On a recent trip to Taipei for the 2014 Taipei Biennial, I attended the opening night of Taiwanese-artist Charwei Tsai's new exhibition 'We Came Whirling Out of Nothingness' at Tina Keng Gallery in the Neihu District.
Comprising videos, installations, photographs, and the artist’s curatorial art journal Lovely Daze, this solo exhibition stems from the artist's fascination with Sufism, and especially the spirals and circles produced by the spinning of the dervishes during the ritual dance of the Mevlevi Sema Ceremony. According to the 13th-century Persian poet and mystic Jalaluddin Rumi, the dancing dervishes represent the planets revolving around the sun.

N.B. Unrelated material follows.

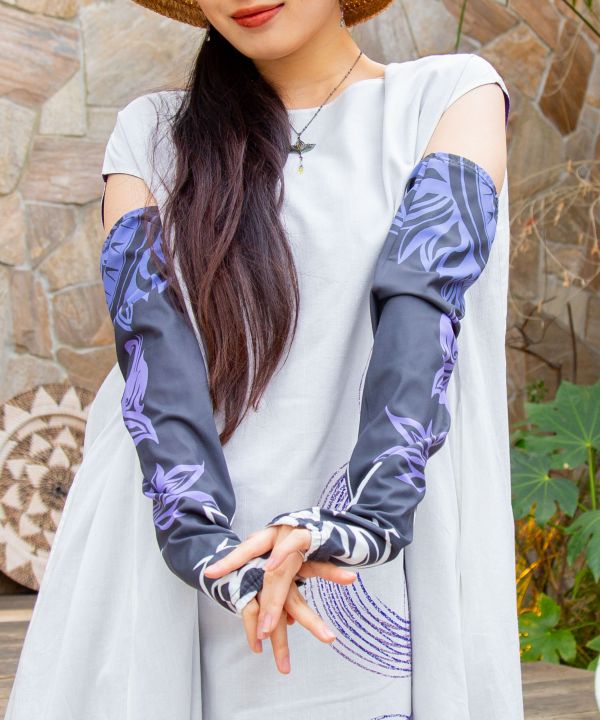 �y�t�u�J�b�g���H�z�O�����X�A�[���J�o�[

The exhibition includes a new ephemeral installation of large burning spiral-shaped pieces of incense, Spiral Incense Mantra (2014), with the heart sutra carefully written around it, the three-channel video projection Lanyu: Three Stories (2012), and two photographs from the series “Lanyu” (2012).
The exhibition is accompanied by a catalogue that surveys the artist’s practice since 2005, with an essay by Mami Kataoka, Chief Curator of the Mori Art Museum in Tokyo, Japan, and an interview with Tsai by artist, curator, and writer Heman Chong.
Charwei Tsai was born in Taipei (1980) and currently lives and works in Taipei and Paris.